2- given the curve is described by the equation r=3cos ¥è, find the angle that the tangent line makes with the radius vector when ¥è=120¨¬.
A. 30¨¬
B. 45¨¬
C. 60¨¬
D. 90¨¬
not sure A or D
2.) which of the following represents dy/dx when y=e^-2x Sec(3x)?
A.3e^-2x sec(3x) tan (3x)-2e^-2x Sec(3x)<<<< my choice
B.)3e^-2x sec(3x)tan (3x)-2xe^-2x sec(3x)
C.)3e^-2x sec(3x)tan (x)-2e^-2x Sec(3x)
D.)3e^-2x sec(3x)tan (x)-2xe^-2x sec(3x)
3.)calculate dy/dx if y=Ln(2x^3+3x)
A.)1/2x^3+3x
B.)1/6x^2+3
C.)2x^3+3x/6x^2+3
D.)6x^2+3/2x^3+3x <<<< my choice
Thank you!
2 and 3 are right.
the first one is a trick question. It is a circle, so the tangent line is always 90 degrees to the radius
1) To find the angle that the tangent line makes with the radius vector, we need to find the derivative of the polar equation r = 3cos(θ) with respect to θ.

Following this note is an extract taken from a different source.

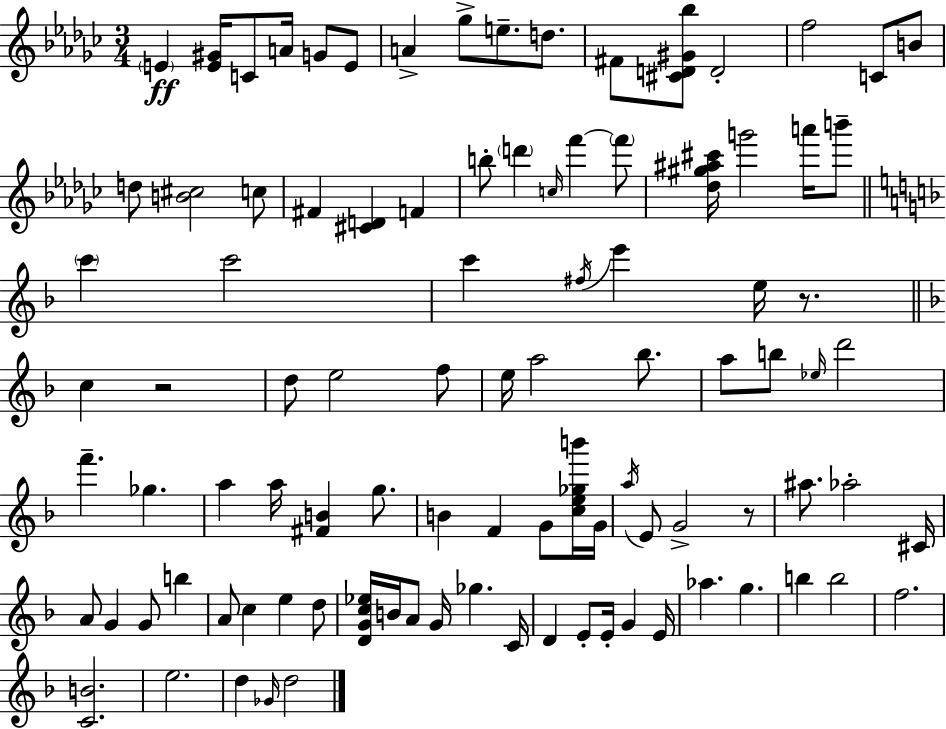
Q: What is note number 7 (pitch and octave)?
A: Gb5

First, differentiate both sides with respect to θ:
d(r)/d(θ) = d(3cos(θ))/d(θ)
Since the derivative of cos(θ) with respect to θ is -sin(θ), we get:
d(r)/d(θ) = -3sin(θ)
Next, we can calculate the value of dy/dx (slope of the tangent line) at θ = 120° by applying some trigonometry. For a given polar point (r, θ), the corresponding Cartesian coordinates are (x, y), where x = rcos(θ) and y = rsin(θ). Since we are interested in the tangent line at θ = 120°, we can substitute θ = 120° into the equation:
x = 3cos(120°) = -1.5
y = 3sin(120°) = 2.598
So the point on the curve where θ = 120° is (-1.5, 2.598).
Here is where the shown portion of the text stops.